Chrétienté et christianisme ne recouvrent évidemment pas la même chose bien qu’ils puissent se recouper. Mais autant il est difficile sinon impossible d’extirper la chrétienté – le mythe du « blanc manteau d’églises » et de la France, « fille aînée de l’Église » – de la réaction, autant le christianisme, ainsi que le montre le Pape François, élu en mars 2013, conserve une irréductible charge révolutionnaire. Avec ce pape, le christianisme ne plie pas devant la réaction parfois fascisante « chrétienne ».

La tradition catholique d’extrême-droite est depuis au moins un siècle pour l’Eglise et contre le Christ. Zemmour l’a d’ailleurs redit sur France Inter, il y a quelques années[1]. C’est cette tradition qui, dans une tribune au Figaro, tente de déclarer nul et non avenu le travail de la CIASE sur la pédocriminalité dans l’Église[2]. Charles Maurras, chef de l’Action française, n’avait que faire du Christ et des Évangiles, de la même manière que les nazis souhaitaient, en vain, dépauliniser le christianisme avec les Deutsche Christen.[3]

Le Pape François, réputé pour sa solidité doctrinale[4], remet donc au goût du jour la parole évangélique contre la chrétienté et l’église bureaucratique dont il est néanmoins le chef. Ses critiques envers la Curie romaine et sa corruption évoquent ce que disait Mao Zedong pour justifier la Révolution culturelle[5]. La bourgeoisie est dans le Parti communiste ce que les marchands du Temple sont dans l’Église.

Le Pape défend une église des pauvres[6] dans une fidélité irréprochable au Nouveau testament qui évoque aussi celle du magnifique film de Pasolini, L’Évangile selon Saint-Matthieu[7]. Une Église qui porte le message du Christ, incompatible avec la bigoterie identitaire.

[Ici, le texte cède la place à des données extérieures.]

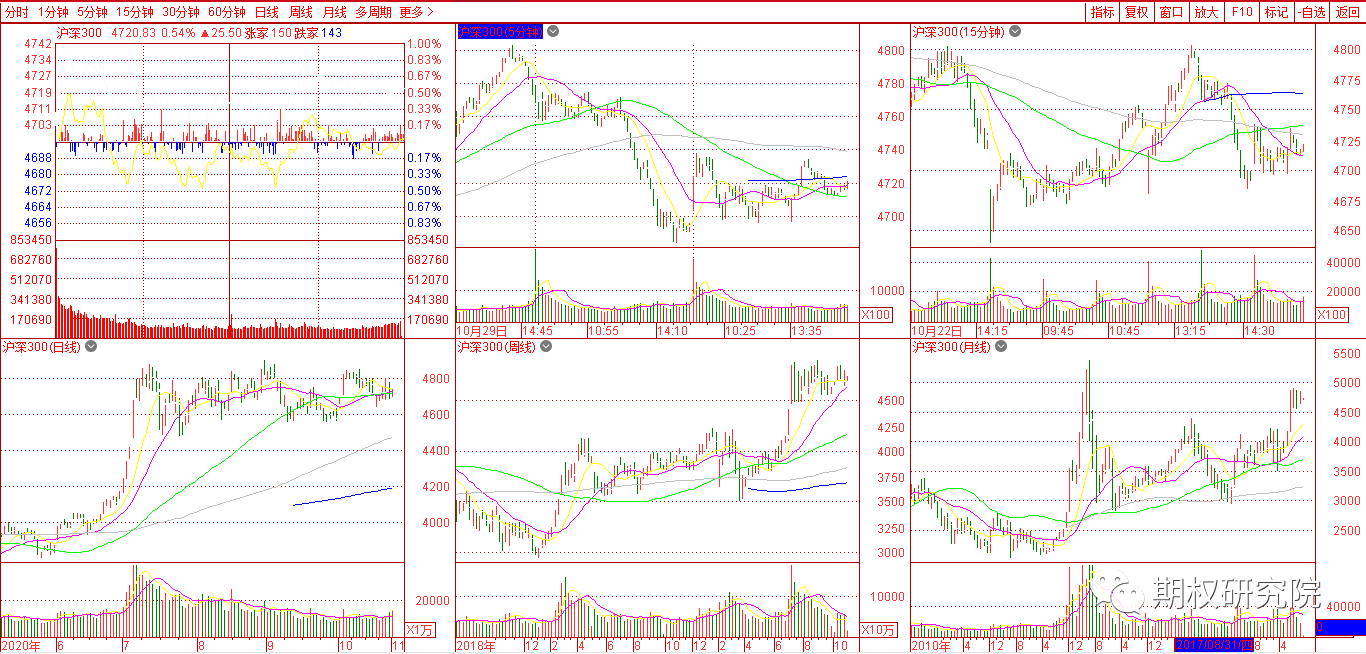 沪深300多周期.png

Le Pape est argentin, de provenance italienne certes, mais d’Amérique latine, terre de la Théologie de la Libération. Ce catholicisme le plus fidèle à l’invitation du Christ à être le sel de la terre refuse par conséquent l’injustice, l’inégalité, le mépris des pauvres et des civilisations indigènes ou l’indifférence aux migrants. N’éludons cependant pas que le Pape a été accusé peu après son élection de compromissions avec la junte fasciste argentine de Videla. Il a néanmoins rapidement été lavé de tout soupçon par plusieurs opposants à la dictature comme par exemple Gonzalo Mosca[8] et par la crédibilité plus que douteuse de certains de ses accusateurs[9].

À l’origine jésuite, François s’est de fait rapproché au cours de son pontificat de la Théologie de la Libération. Celle-ci a été accusée à plusieurs reprises, notamment par le Pape Jean-Paul II, d’introduire une dimension marxiste au sein du christianisme. Cette accusation a toujours été réfutée par les représentants de la Théologie de la Libération. Ceux-ci ont invariablement rappelé que le partage, la mise en commun des biens dont parlent par exemple les Actes des apôtres, s’inscrivent dans le dogme chrétien et catholique.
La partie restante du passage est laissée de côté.